At issue is a rules committee decision last year to strip Michigan and Florida of their delegates because they held nominating contests, both won by Clinton, earlier than party rules allowed. "We need to respect the 48 states who did not violate the rules," Democratic Party Chairman Howard Dean told the committee.
Dean and panel members held a private dinner on Friday that went well past midnight with no decisions reached. Committee members appeared to be close to a compromise that would seat half of the delegations from each state - a solution that would give Clinton a net gain in delegates, but not all that she is seeking. Clinton signed a pledge along with the other candidates not to campaign in either state, and Obama took his name off the Michigan ballot. Since winning both contests, Clinton has pressed for the results to be recognised.
That would give her a significant boost in the popular vote tally and draw her closer to Obama in the delegate count as she tries to convince superdelegates - party officials who can back any candidate - that she is more electable than Obama in the November race against Republican John McCain.

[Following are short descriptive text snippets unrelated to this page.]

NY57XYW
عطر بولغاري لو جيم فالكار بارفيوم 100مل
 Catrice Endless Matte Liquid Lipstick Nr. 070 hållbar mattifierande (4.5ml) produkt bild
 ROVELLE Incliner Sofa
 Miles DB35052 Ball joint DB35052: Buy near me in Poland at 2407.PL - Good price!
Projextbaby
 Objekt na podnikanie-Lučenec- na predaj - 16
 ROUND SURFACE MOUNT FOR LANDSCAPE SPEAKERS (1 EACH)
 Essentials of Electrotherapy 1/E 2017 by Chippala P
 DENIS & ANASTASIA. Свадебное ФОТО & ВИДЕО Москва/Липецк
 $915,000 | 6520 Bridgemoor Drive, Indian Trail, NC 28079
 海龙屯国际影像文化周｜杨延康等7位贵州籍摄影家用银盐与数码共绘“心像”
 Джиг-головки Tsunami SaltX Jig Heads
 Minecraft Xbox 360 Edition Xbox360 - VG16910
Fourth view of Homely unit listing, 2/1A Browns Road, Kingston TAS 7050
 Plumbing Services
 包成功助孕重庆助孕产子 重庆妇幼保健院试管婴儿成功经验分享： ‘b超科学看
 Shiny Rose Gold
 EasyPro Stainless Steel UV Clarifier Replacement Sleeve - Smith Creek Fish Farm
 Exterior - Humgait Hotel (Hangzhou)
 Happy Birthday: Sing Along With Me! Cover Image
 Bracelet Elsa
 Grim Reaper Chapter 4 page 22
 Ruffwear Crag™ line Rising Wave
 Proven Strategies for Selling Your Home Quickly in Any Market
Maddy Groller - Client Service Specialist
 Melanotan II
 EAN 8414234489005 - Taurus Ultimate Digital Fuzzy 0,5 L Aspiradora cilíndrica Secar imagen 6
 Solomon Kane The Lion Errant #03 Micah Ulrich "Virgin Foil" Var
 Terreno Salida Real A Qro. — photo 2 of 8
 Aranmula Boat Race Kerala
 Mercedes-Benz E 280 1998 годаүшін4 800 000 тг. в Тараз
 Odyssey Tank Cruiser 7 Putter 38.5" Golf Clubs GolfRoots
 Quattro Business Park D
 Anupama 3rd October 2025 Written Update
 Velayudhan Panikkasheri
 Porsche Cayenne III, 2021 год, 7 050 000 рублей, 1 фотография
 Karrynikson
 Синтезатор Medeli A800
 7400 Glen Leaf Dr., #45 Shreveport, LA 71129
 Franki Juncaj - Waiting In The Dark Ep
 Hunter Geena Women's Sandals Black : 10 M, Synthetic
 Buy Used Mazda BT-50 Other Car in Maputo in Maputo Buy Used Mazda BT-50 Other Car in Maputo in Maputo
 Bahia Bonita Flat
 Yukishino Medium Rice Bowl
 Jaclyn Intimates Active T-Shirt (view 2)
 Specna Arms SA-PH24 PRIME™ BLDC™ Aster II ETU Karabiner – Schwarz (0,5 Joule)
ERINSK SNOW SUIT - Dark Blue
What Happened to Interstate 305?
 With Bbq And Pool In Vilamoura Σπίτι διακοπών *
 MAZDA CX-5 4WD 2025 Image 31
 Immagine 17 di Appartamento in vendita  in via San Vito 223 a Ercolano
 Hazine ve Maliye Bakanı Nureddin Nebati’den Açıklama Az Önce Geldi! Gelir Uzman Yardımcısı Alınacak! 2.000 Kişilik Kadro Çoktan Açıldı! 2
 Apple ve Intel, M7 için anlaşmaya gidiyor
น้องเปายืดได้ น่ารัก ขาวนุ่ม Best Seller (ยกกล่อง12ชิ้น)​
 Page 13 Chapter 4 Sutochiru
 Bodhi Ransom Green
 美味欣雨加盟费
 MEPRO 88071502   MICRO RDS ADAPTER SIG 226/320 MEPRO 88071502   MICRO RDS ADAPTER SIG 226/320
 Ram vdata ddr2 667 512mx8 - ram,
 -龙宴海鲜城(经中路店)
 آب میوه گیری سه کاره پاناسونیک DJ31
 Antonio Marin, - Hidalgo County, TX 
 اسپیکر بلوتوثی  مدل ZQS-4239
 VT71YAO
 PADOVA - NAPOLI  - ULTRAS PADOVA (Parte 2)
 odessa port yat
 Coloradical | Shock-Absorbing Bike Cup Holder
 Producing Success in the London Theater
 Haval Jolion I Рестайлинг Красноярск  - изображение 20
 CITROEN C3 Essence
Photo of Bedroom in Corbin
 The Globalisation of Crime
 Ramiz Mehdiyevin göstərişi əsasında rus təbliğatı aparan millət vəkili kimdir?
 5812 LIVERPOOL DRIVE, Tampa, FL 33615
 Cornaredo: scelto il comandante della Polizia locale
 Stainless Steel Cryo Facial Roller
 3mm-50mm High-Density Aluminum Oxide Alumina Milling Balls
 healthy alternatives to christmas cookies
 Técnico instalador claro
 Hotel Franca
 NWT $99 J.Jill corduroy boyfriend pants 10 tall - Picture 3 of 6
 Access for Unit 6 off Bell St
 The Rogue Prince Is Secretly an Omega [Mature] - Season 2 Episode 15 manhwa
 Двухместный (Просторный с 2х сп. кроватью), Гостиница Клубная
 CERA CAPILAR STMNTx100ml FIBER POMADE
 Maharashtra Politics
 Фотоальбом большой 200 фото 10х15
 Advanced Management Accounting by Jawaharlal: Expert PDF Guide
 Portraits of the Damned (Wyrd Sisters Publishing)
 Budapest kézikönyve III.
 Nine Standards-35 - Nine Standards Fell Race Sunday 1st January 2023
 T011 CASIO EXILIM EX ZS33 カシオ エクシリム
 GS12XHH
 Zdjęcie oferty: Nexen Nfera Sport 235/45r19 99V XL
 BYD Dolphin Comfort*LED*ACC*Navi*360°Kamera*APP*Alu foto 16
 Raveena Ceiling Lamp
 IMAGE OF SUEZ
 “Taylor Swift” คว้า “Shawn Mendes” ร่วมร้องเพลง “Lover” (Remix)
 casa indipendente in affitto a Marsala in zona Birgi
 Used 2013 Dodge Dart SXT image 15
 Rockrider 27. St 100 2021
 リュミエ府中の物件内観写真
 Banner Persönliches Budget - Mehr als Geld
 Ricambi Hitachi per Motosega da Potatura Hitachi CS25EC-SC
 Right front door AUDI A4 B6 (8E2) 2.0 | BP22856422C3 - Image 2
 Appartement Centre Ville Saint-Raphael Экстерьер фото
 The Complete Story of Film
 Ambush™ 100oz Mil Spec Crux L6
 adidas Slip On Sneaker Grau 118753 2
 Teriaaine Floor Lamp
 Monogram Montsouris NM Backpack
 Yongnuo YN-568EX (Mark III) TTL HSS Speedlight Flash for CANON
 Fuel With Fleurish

Obama is close to clinching the nomination and could have the 2,026 delegates he needs on Tuesday, when Montana and South Dakota hold the last contests. But adding Florida's and Michigan's delegates to the mix would boost the number of delegates needed to win the nomination to 2,210. A compromise that seated half of the delegates from each state, or all the delegates with one-half vote each, would move the magic number to 2,118.
The committee would still need to determine how to allocate the delegates between the two candidates. Clinton has argued that Obama should get no delegates from Michigan, where he was not on the ballot.
The Clinton campaign says seating half the delegations is unacceptable. It has not said whether it would appeal the move to the party's credentials committee in July and ultimately to the convention floor in Denver - a scenario that party officials desperately want to avoid. Clinton, a New York senator, has cast the dispute in dramatic voting rights terms, visiting Florida last week to compare it to the state's recount in the 2000 presidential election and even Zimbabwe's disputed election in March. Obama, an Illinois senator, says he is willing to compromise in hopes of unifying the party and moving on to the general election campaign against McCain.
The panel was hearing challenges from Florida seeking to seat half of the pledged convention delegates and all of the state's superdelegates. A challenge from Michigan asks the panel to give 69 pledged delegates to Clinton and 59 to Obama.
The committee, which has 13 Clinton supporters on it, is free to arrive at its own solution. Members have said they want to be fair to both campaigns and mindful of the need to follow party rules to prevent a mad rush of states to hold contests earlier and earlier in the process. The committee approved contests in only four states - Iowa, New Hampshire, Nevada and South Carolina - before February 5 during this year's nominating race.